> [What you need to do] Please give back each line of the material unchanged, but without the images.

> [Dataset content]

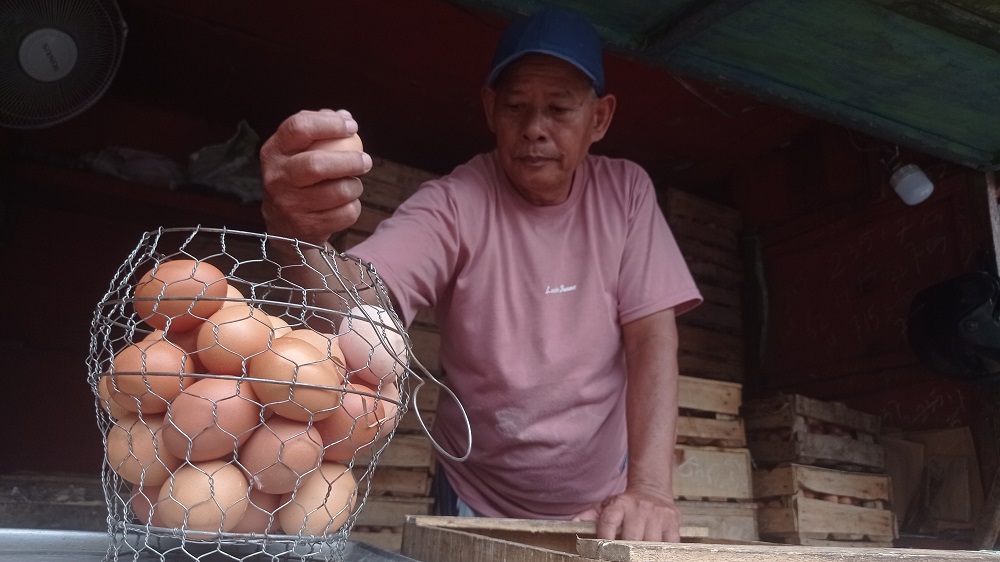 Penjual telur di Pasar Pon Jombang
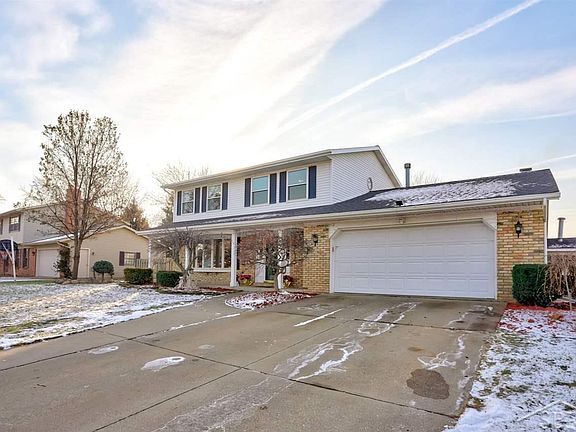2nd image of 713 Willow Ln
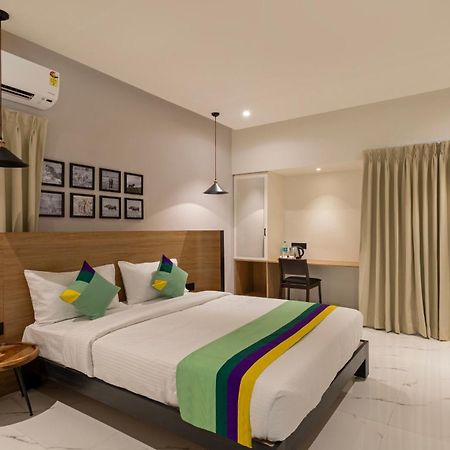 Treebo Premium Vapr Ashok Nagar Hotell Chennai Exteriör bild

> [Result for this exercise]
 Penjual telur di Pasar Pon Jombang
2nd image of 713 Willow Ln
 Treebo Premium Vapr Ashok Nagar Hotell Chennai Exteriör bild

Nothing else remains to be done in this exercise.